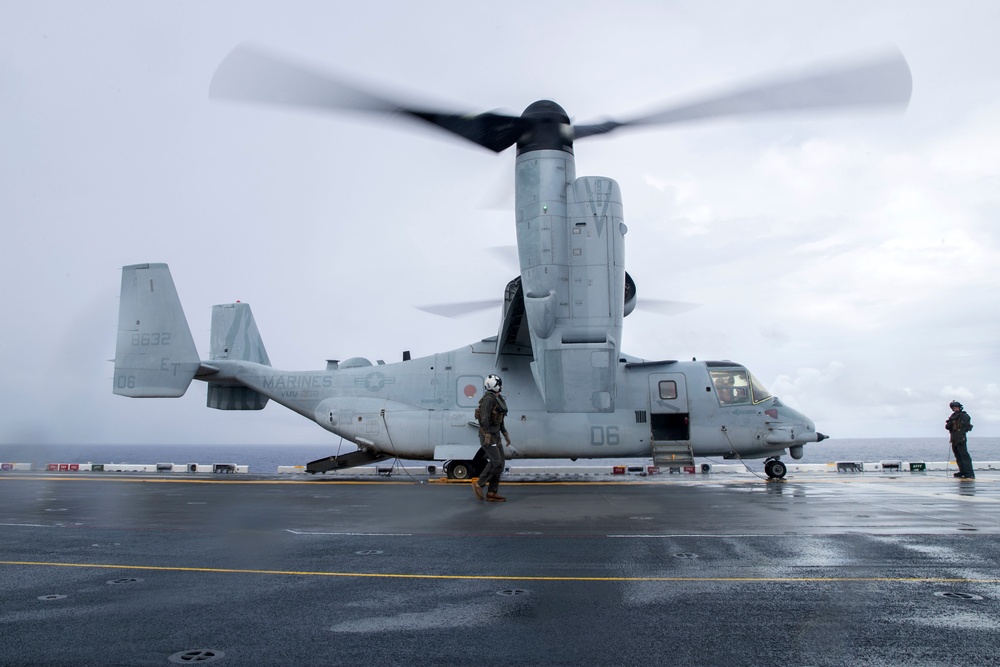 VMM-262 Reinforced V-22 Osprey's Operate aboard USS Tripoli (LHA 7)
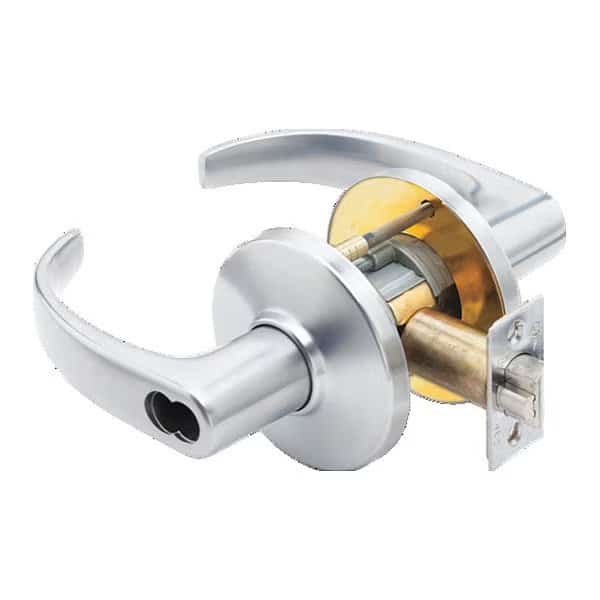 Cylindrical 9K Lock, Classroom, Lever, Rose, STK, Satin Chrome AM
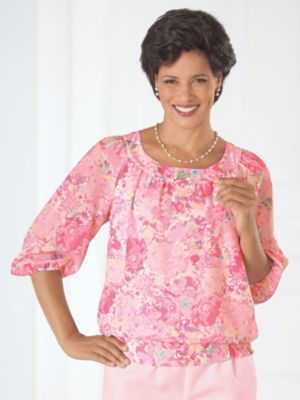 Pastel Floral-Print Chiffon Blouse by Judy Bond™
::::::::::
| EXERCISE PROMPT |
An exact restatement is expected of the lines from the line containing "Cylindrical 9K Lock, Classroom, Lever, Rose, STK, Satin" to the end of the data above, pictures excluded.

| ANSWER BELOW |
 Cylindrical 9K Lock, Classroom, Lever, Rose, STK, Satin Chrome AM
 Pastel Floral-Print Chiffon Blouse by Judy Bond™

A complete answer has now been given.